Robinson Cano has signed with the Seattle Mariners for 10 years and $240 million. Everyone got what they wanted, or maybe it's just almost everyone: Jay Z got the big free-agent contract to mount over his mantelpiece, Jack Zduriencik bagged the big game that had eluded him in five years of running the M's, and Robinson Cano gets to be very, very rich. Whether he actually wanted to go to Seattle, a beautiful city that is nonetheless not the media hub that New York is, happens to be about as far from the Dominican Republic as you can get and still be in the major leagues, and boasts a lovely ballpark that kills offense dead, well, that is apparently beside the point.

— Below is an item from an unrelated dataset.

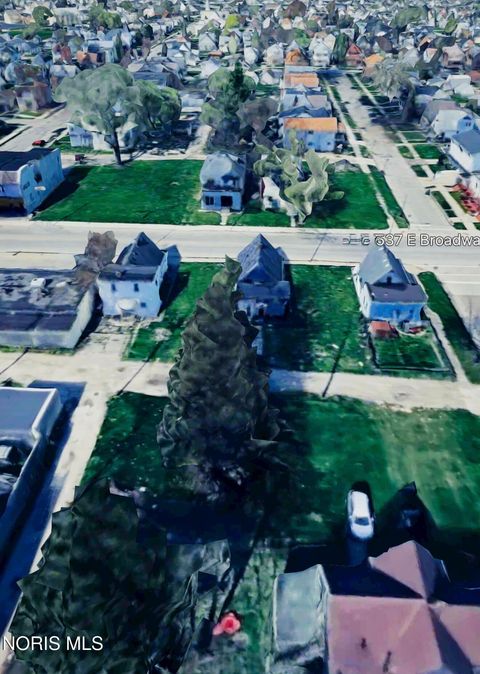 Tiny photo for 537 E Broadway Street, Toledo, OH 43605 (MLS # 10006994)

The Yankees' refusal to go far over what was apparently a seven-year, $175 million offer -- a million more per annum (on average) than Cano got from the Mariners, but an apparently critical three years shorter -- was what provoked Cano to make this change. He is now wrapped up through his age-40 season, the undiscovered country from whose bourn no second baseman returns. No doubt you have seen these kinds of lists a million times by now, the ones that show that the list of great seasons by second basemen from age-38 up (the years the Yankees weren't willing to pay for) are pretty much non-existent, consisting of a Nap Lajoie season from (literally) a hundred years ago, a Joe Morgan encore, and odd bits of Jeff Kent and Davey Lopes. Cano is a good enough hitter that by the time he's too old to play a good second base chances are there will still be enough left in his bat that he can slide over to first base or designated hitter and still contribute at a high level, but that's far from a sure thing.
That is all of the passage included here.